== Given entries ==

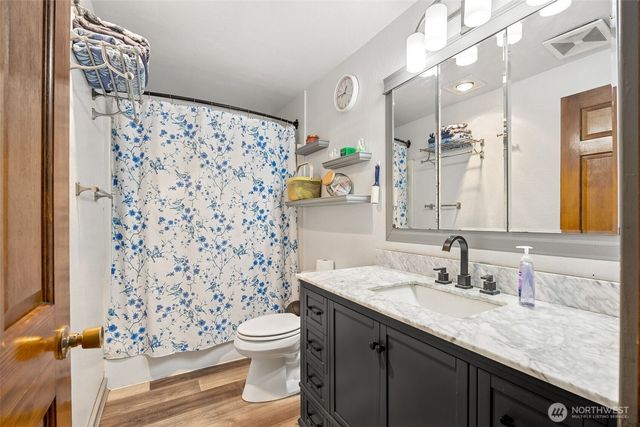 17112 Kinnikinnick Court SE, Yelm, WA 98597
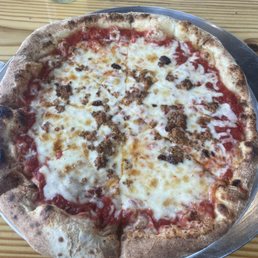Smoked mozz and sausage pizza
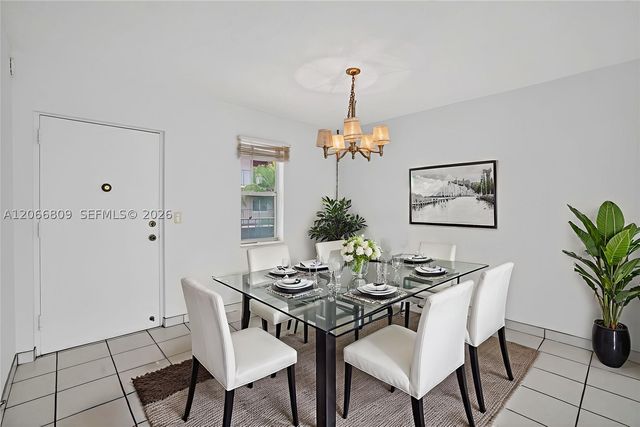 2821 Somerset Dr 317, Lauderdale Lakes, FL 33311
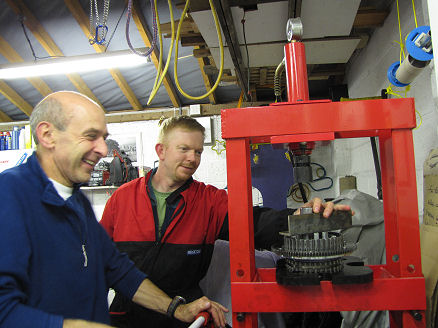 Pressing in the new clutch bearing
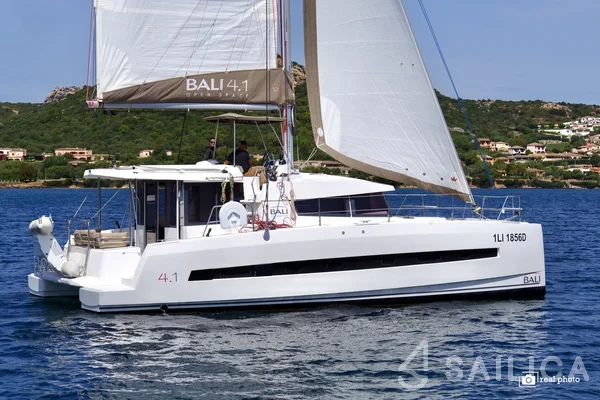 Bali 4.1 - Yacht Charter Sailica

== Brief ==
Your task is to repeat exactly the lines from the one containing "Pressing in the new clutch bearing" through the end of the material, both included, and only those, without pictures.

== Response to the exercise ==
 Pressing in the new clutch bearing
 Bali 4.1 - Yacht Charter Sailica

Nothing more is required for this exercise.